La educación fue siempre una forma de salir de la pobreza, ni que hablar como forma de integrar, combatiendo la marginalidad. No hablar con honestidad es la peor forma de discriminar. Plantear la búsqueda de la superación como un tema de relativa importancia o exclusivo de la enseñanza formal, que si no te capacitas para responder a la necesidad de mano de obra calificada, la responsabilidad es del Estado, ya que debe solucionar las desigualdades que genera el sistema, estos razonamientos son casi inhumanos. No podemos vincularnos a la lucha de los más humildes para igualarnos, por el contrario, es para luchar para que sus destinos sean diferentes, lo demás es puro cuento.

En nuestro tiempo solo hay alternativa para ser militantes de la solidaridad. Resulta inaceptable que más allá del derecho de todo grupo particular a organizarse y luchar por sus derechos, nos aferremos de tal manera al interés corporativo que consideremos un enemigo el interés general. Vivimos una época donde ya no es ciencia ficción decir que hasta el planeta nos pasa factura por actitud tan mezquina.

La causa a sumarse es la de la humanidad toda, buscando mayor dignidad para quienes sufren la marginación, pero no haciéndolo para dividir o enfrentar. Combatir desigualdades es una tarea que se debe asumir para apoyar a los más desprotegidos, tratando de que logren progresar, pero es absurdo hacerlo mirando con recelo al que lo logró. Solidaridad sin resentimientos, para que la justicia social sea una realidad y que la causa de los más débiles sea la nuestra, teniendo en claro que estos generalmente no están corporativizados.

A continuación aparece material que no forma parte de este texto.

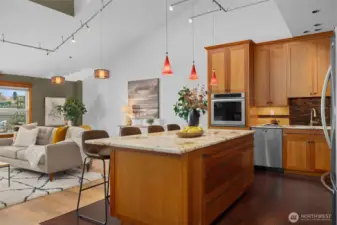 Chef-inspired kitchen with stone countertops, designer pendant lighting, and ample prep and gathering space.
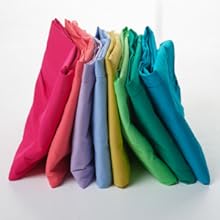 pile of shorts showing the rainbow of new colors in cotton fabric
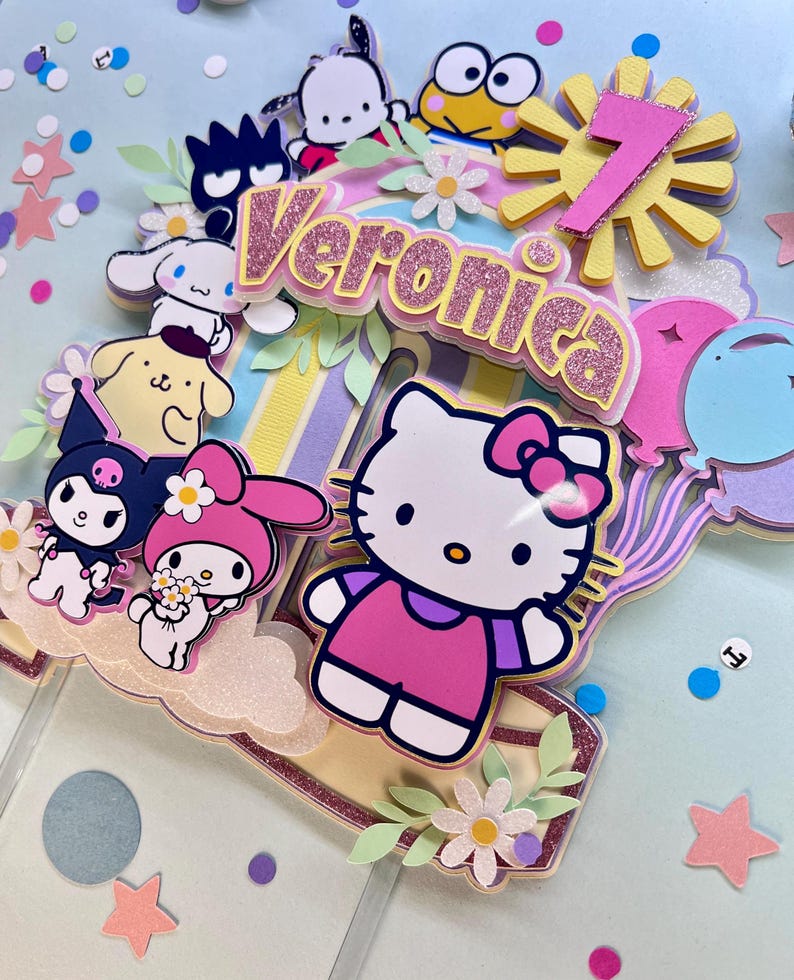 May include: A colorful cake topper featuring Hello Kitty, My Melody, and other cartoon characters. The topper includes a pink and yellow sun with the number 7, a pink and white banner with the name Veronica, and a variety of flowers and leaves.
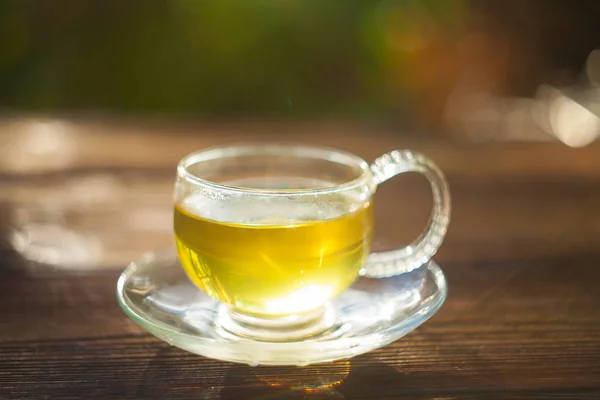 Köstlicher grüner Tee in schöner Glasschale auf dem Tisch — Stockfoto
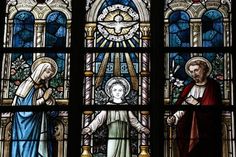 the stained glass window depicts mary and jesus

Integremos a los que sufren un destino sin esperanzas a la cultura de la sociedad formal, la educación, el trabajo, la salud, sin necesidad de formar parte del ejército de la eterna reivindicación acusatoria, del logro a costa de la derrota de alguien, de mejorar sin el riesgo de crecer. Sin rencores, ni egoísmos, con humanismo y justicia, el batllismo es la única garantía de integración que la república puede esperar, así como uno de los mayores ejemplos que nuestra historia nos puede obsequiar.

Es cierto que siempre hay quienes se benefician de una injusta distribución de la riqueza, así como de la desesperación del que nada tiene, pero la prosperidad siempre será algo bueno y no solo luchar por tener más haciendo siempre lo mismo; en todo caso es la vileza de algunos hombres lo que debemos combatir y la misma nunca tiene un origen definido.

Es hora de ser socios en la erradicación de la mediocridad, estamos todos convocados.